Increase access to government data.
The data the government collects could improve program efficiency and effectiveness. But there is concern about security and privacy. The Foundations Act includes important provisions such as requiring agencies to create data inventories, designate chief data officers and evaluation officers, and improve transparency about how data can be accessed and used.
Strong data and evaluation teams will facilitate data use and privacy safeguards, expanding access to public data for administrators, researchers, and evaluators.
Implementation considerations
As agencies implement the Foundation Act’s framework, three issues are important to keep in mind.
1. Each agency is unique and is at a different stage of evidence-building capacity.
No single blueprint will work everywhere. Although implementation will be different depending on departments’ needs and capacity, rigorous and consistent standards are critical to quality of methods. But the Foundations Act’s intent for cross-government coordination will help agencies learn from each other and improve their data and evaluation activities.

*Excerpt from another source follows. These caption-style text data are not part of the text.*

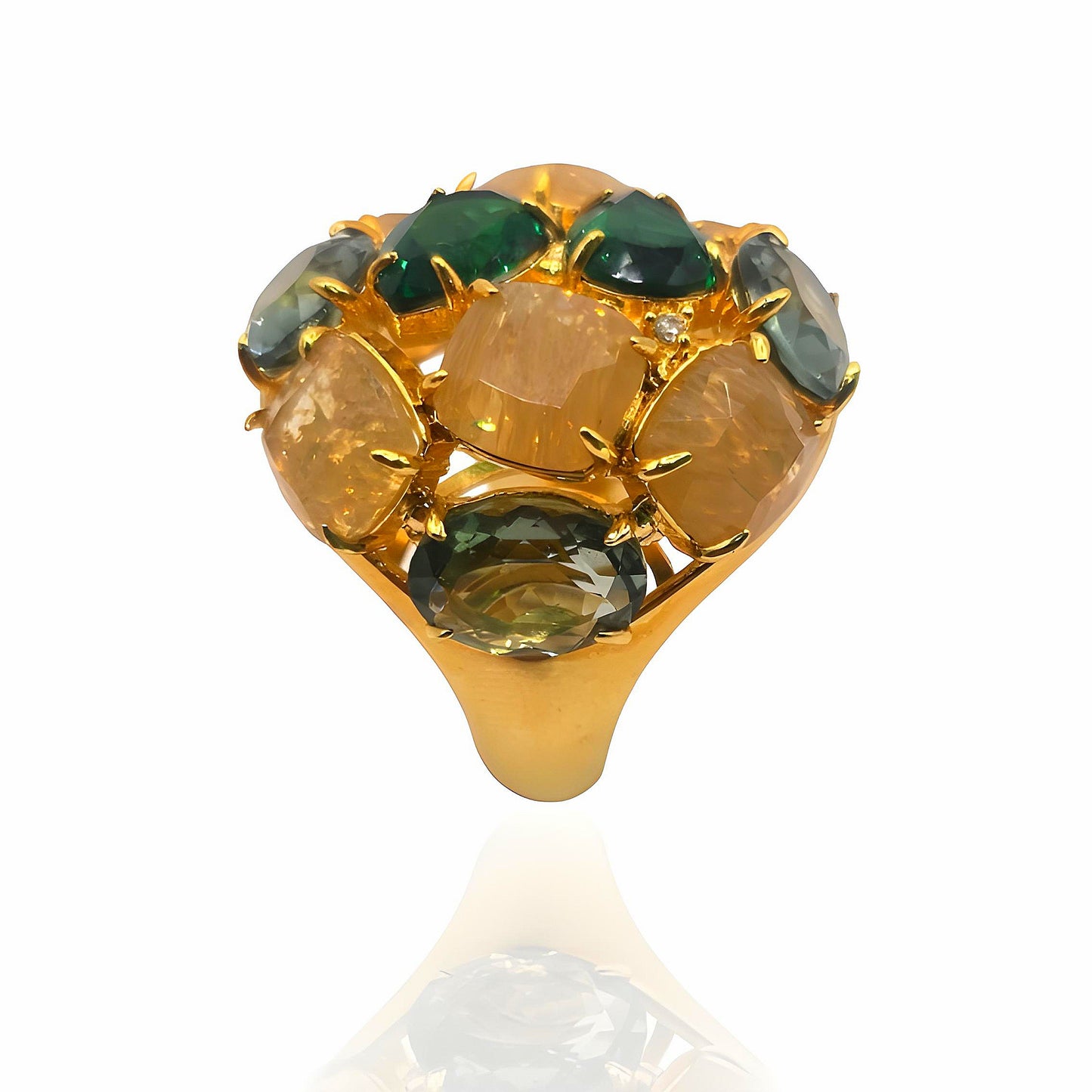 Celebrate With Colors With This Mid-century Cocktail Ring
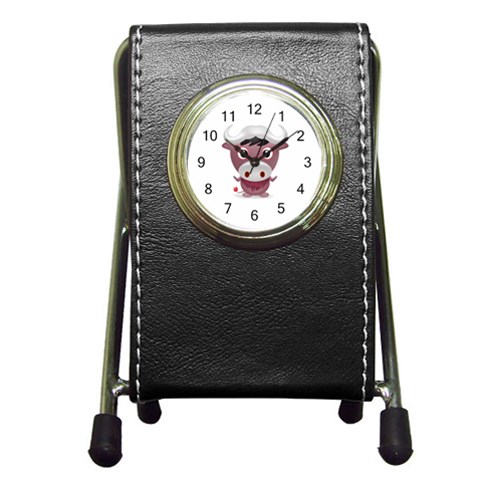 09year_001 Pen Holder Desk Clock from ArtsNow.com Front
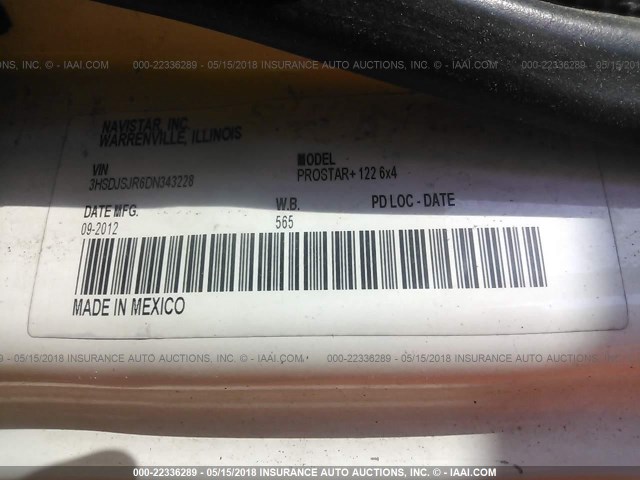 3HSDJSJR6DN343228 - 2013 INTERNATIONAL PROSTAR غير معروف صورة 10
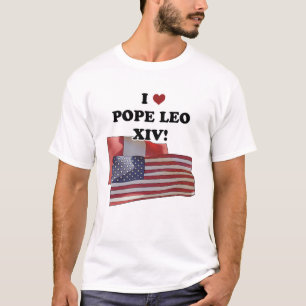 Camiseta Eu Amo O Papa Leão XIV!
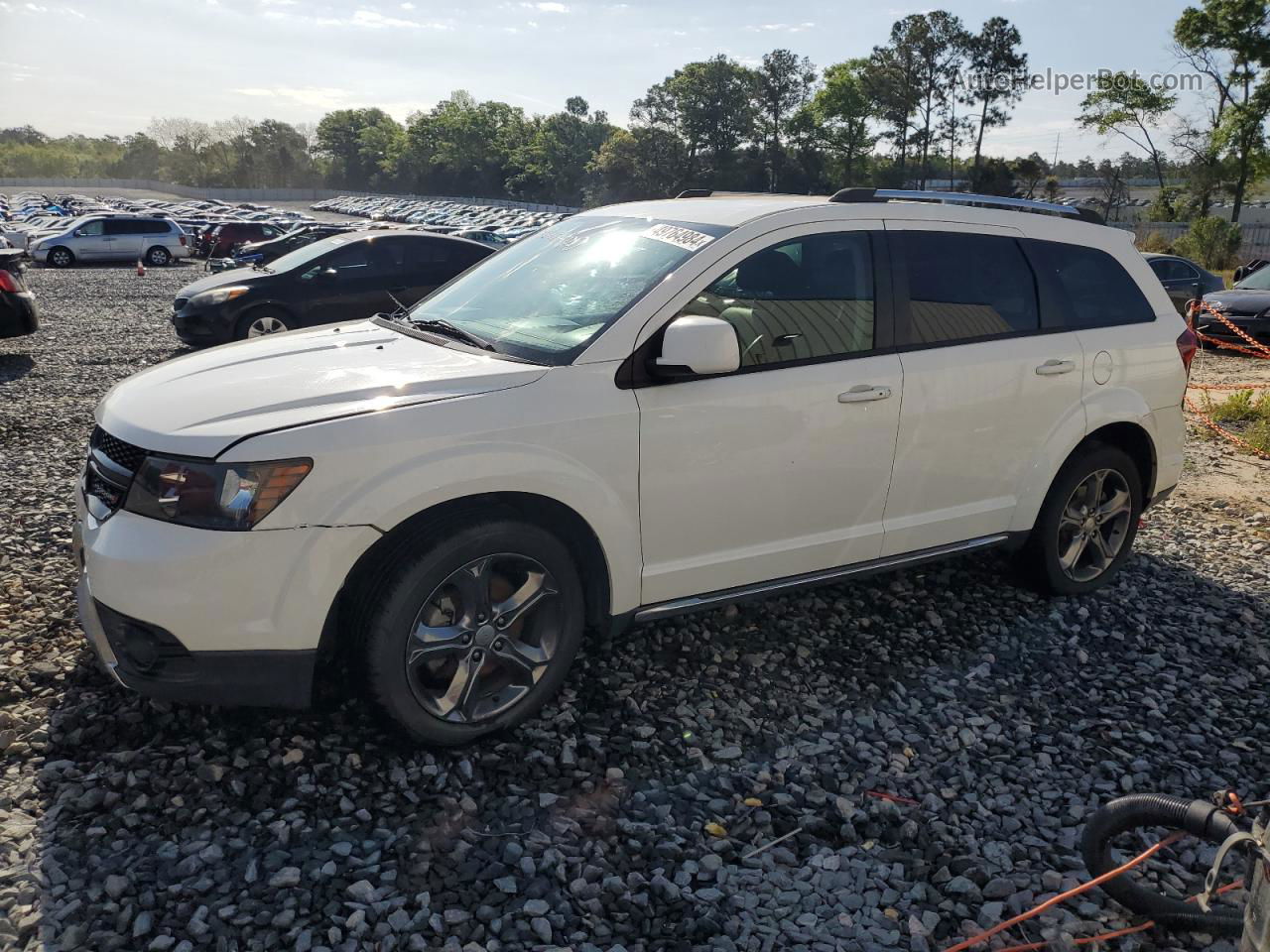 2015 Dodge Journey Crossroad White vin: 3C4PDCGG0FT698824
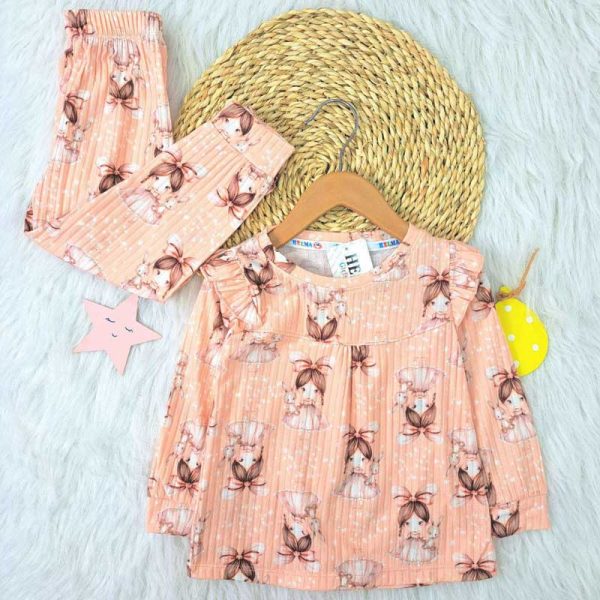 ست دخترانه راحتی فرانسوی - Image 2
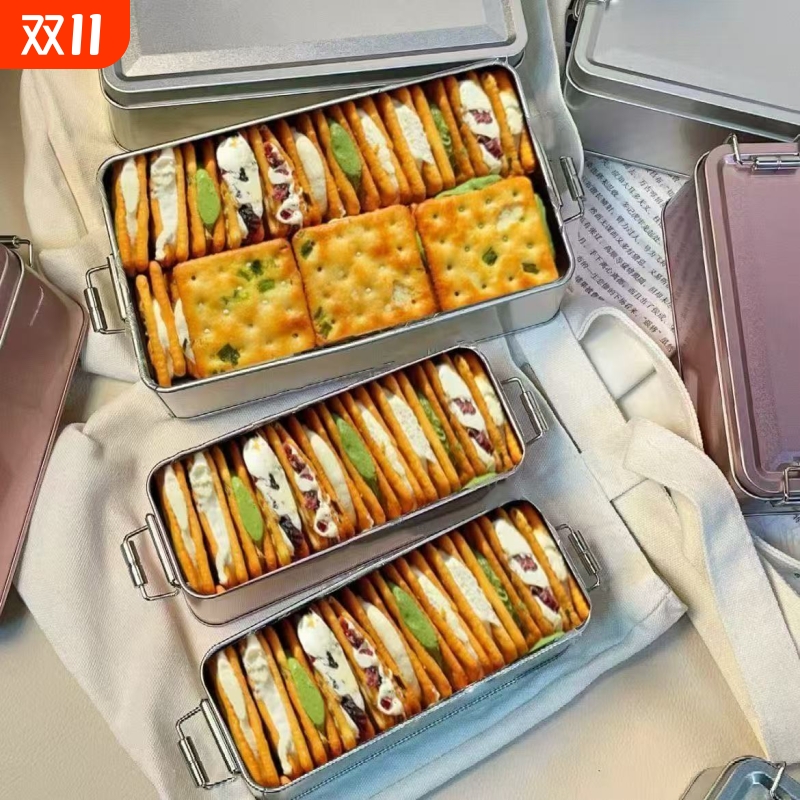 台湾！香葱牛轧糖夹心饼干/抹茶味牛扎网红小吃休闲零食牛轧饼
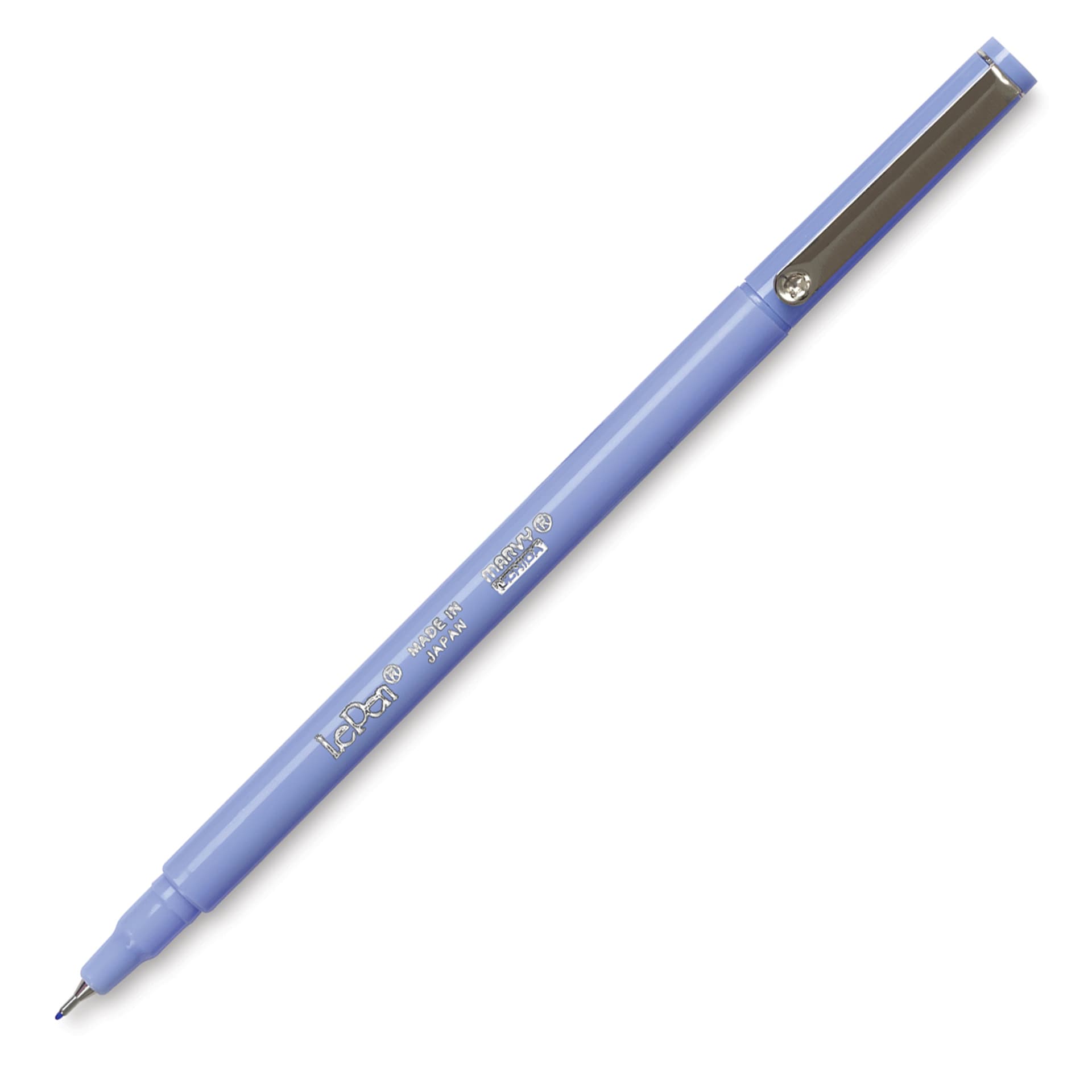 Marvy Uchida LePen Fine Line Marker - Periwinkle, cap off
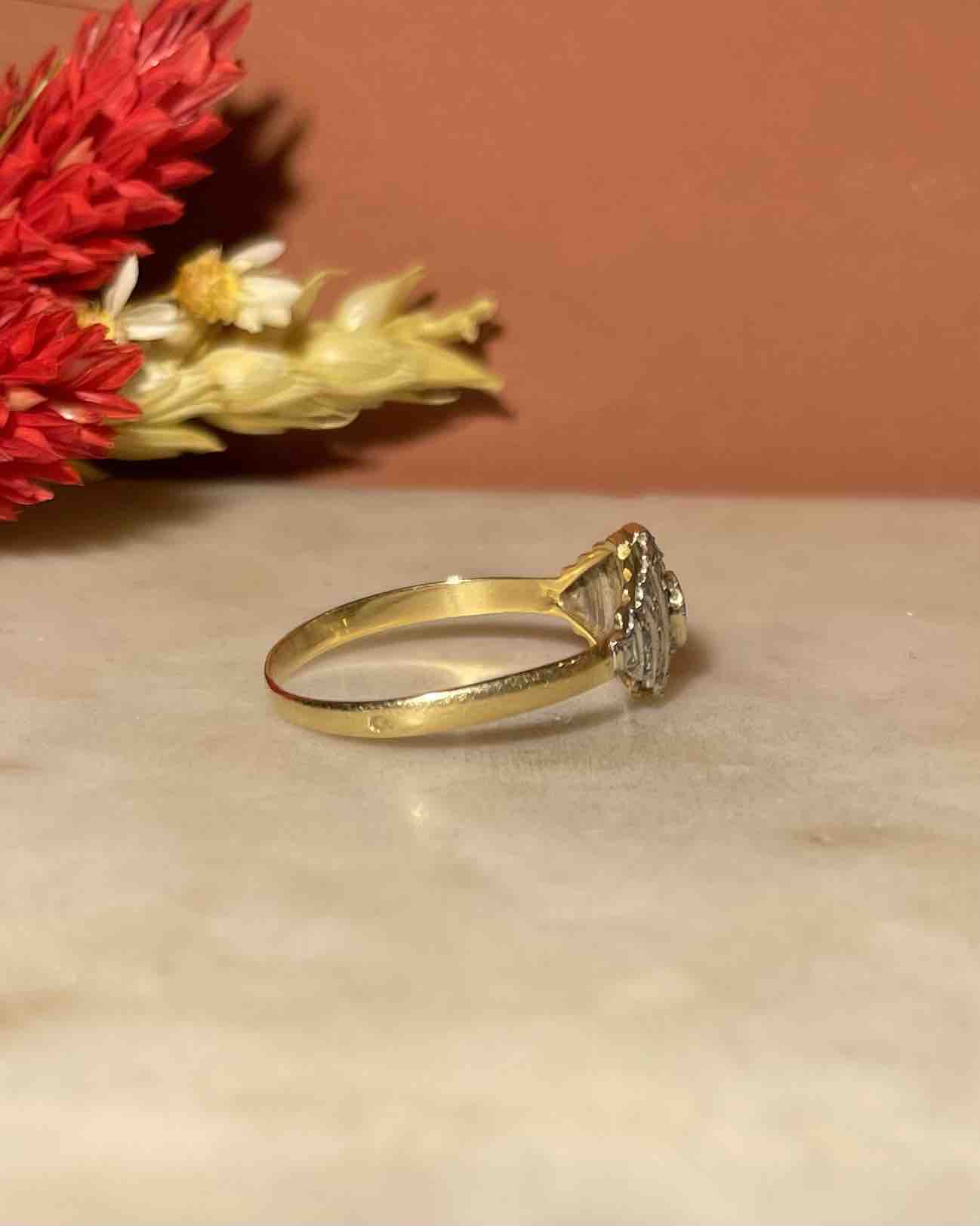 Bague Art-Déco diamant &quot;Lara&quot;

2. Evidence building is an evolving process, and it will take time to effectively inform policy and support public needs.
By adopting multi-year learning agendas and integrating evidence into each step of a program, evidence standards can become a part of the program’s design and implementation. The environment in which federal agencies implement programs is constantly changing. Even with evidence-based approaches, programs encounter new challenges in different environments over time.
The Foundations Act pushes agencies to take a comprehensive approach to evidence, going beyond examining program data outcomes by using academic analytic methods to estimate effects and examine alternative strategies.
3. Open data does not mean sacrificing privacy and security.
The law represents bipartisan support for loosening up the government’s rigid data infrastructure. But the law also requires strong, clear procedures for managing and protecting private information, while allowing it to be used for high-quality program evaluations.
The Foundations for Evidence-Based Policymaking Act has the power to equip agencies with the technical resources, tools, and knowledge needed for evidence-based policymaking. It reflects bipartisan commitment to a strong culture of evidence built on independence, rigor, objectivity, relevance, transparency, and ethical practices. Seeing these ideas put into practice will pave the way for improving public programs.